8. If we draw a random sample of size 36 and we find that the sample mean is 7 and the sample variance is s2=4, construct a 95% "confidence interval" for the value of the population mean m x. Show your work carefully. The confidence interval is based on the sample evidence concerning the unknown parameter value, in this case, the sample mean, which is 7. You then add/subtract an amount that accounts for the noise in the sample, which is assumed to provide information about the noise in the population. This plus-or-minus amount involves the 0.025 critical value of the t distribution with n-1 = 35 degrees of freedom = 2.0315 (by "linear" interpolation from Table 2 inside the front of the text). This must be multiplied by the standard error of the estimate of the mean, which is equal to the sample standard deviation (s=2, since s2=4) divided by the square root of the sample size (6). The confidence interval can thus be written as: [ 7 - (2.0315)(2/6), 7 + (2.0315)(2/6) ] = [6.6669, 7.3331].

10. If we draw a random sample of size 25 and discover that the mean of X in the sample is 10 and s2=16, test the null hypothesis that m x=8.5 (using either a "two-tailed" Z-test or a "two-tailed" t-test, whichever is most appropriate, justifying your choice): Since we know only the sample variance, not the true underlying population sigma-squared value, and since the sample size is only 25 (not asymptotically large), we cannot use a Z-test.  The t-test is appropriate, with its somewhat greater dispersion due to the additional uncertainty stemming from using s-squared as a guess about the true sigma- squared.

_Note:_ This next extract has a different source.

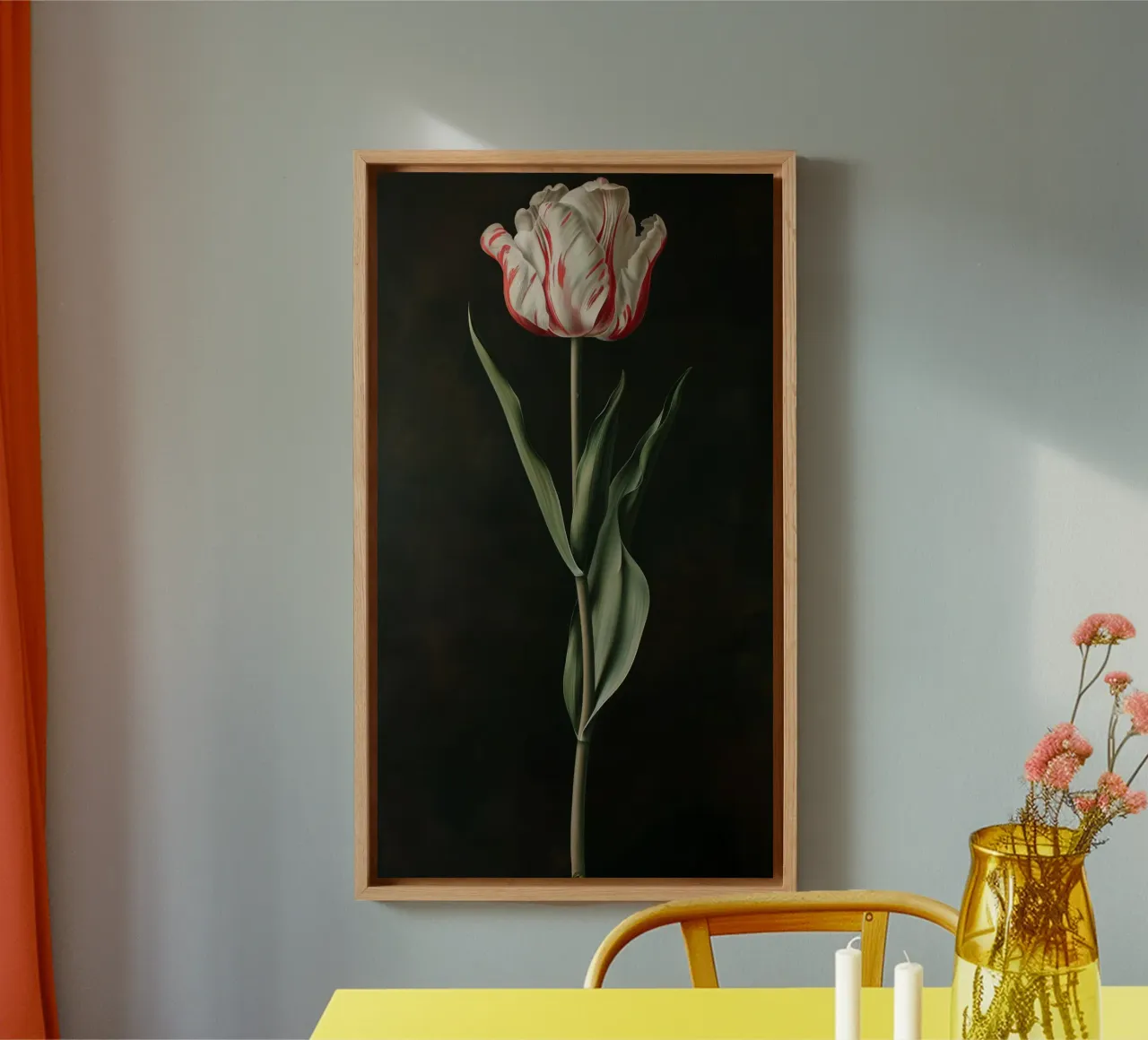 Muurkunst van Imagine canvas met Baklijst van Imagine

a.) at the 5% "level of significance"; You can test hypotheses either by constructing a 95% confidence interval and seeing if the hypothesized value lies inside this confidence interval, or you can do a classical hypothesis test that involved subtracting the "true mean" and dividing by the "true standard deviation," and comparing to the "known" distribution of this standardized variable. We don't know the true mean, but this is usually what we are hypothesizing. We don't know the true standard deviation, so we use the sample data s over the square root of n, which sends us to a t-distribution with n-1 degrees of freedom, instead of a standard normal distribution. Both of these strategies (confidence interval or t- test) use the same sample information, just combined in a different way.

For a confidence interval, we use the point estimate of the true mean, 10, plus or minus the 0.025 critical value for a t(25-1) distribution (which is 2.064) times s/(square root n) (equal to 4/5). CI.95(mu) = 10 + 2.064(4/5). If 8.5 is in this interval, we cannot reject 8.5 as a plausible hypothese about the true mean. The interval works out to be (8.348, 11.651), thus we cannot reject 8.5 as the true mean.

For the t-test, we construct (10 - 8.5)/(4/5) = 1.875. Since this number lies inside the 95% range of values of a t distribution with 24 degrees of freedom (- 2.064,+2.064), we cannot reject the null hypothesis that the true mean is 8.5.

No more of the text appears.